Summer camp sparks lifelong romance

Isabel and Owen met aged 11. They quickly became friends and he developed a crush, recalling her as “sporty and funny”
Isabel and Owen met aged 11. They quickly became friends and he developed a crush, recalling her as “sporty and funny”
MORAG PRESTON

Isabel Copley, 24, a graduate medical student, and Owen Mitchell, 24, who works in PR, were married on September 4, 2021, at Spicer Street Church in St Albans, Hertfordshire

Owen had wanted to make a proposal with a difference and inquired if it could take place on the rooftop of the church where he and Isabel worship. The minister agreed and suggested that if Isabel said “yes”, then Owen should ring the bell on his way down.

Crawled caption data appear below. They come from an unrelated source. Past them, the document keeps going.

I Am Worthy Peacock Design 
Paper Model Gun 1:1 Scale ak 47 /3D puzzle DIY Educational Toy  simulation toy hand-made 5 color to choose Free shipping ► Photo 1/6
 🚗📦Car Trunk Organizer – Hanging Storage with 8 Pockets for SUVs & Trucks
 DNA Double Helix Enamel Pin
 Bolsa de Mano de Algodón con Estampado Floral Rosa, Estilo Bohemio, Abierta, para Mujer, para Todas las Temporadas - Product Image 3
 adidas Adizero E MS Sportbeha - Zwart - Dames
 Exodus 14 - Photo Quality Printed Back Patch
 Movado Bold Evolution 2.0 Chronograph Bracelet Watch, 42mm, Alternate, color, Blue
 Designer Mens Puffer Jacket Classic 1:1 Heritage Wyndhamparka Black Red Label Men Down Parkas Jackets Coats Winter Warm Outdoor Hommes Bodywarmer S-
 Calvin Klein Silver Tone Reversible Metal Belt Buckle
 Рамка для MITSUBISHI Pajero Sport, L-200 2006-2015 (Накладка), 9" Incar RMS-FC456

He chose an engagement ring online during lockdown and devised a plan for someone at church to ask Isabel for help getting something down from the roof space at St Nicholas Cole Abbey. The building was burnt down in the Great Fire of London and rebuilt by the office of Sir Christopher Wren.

The couple had 130 guests at their wedding
The couple had 130 guests at their wedding
MORAG PRESTON

Isabel wondered what was happening as she crawled through the rafters, out of a window and on to the roof where Owen was waiting with a bottle of champagne. “Owen was so nervous,” she says. “I could see it written all over his face. He panicked and said, ‘What are you doing here?’ ”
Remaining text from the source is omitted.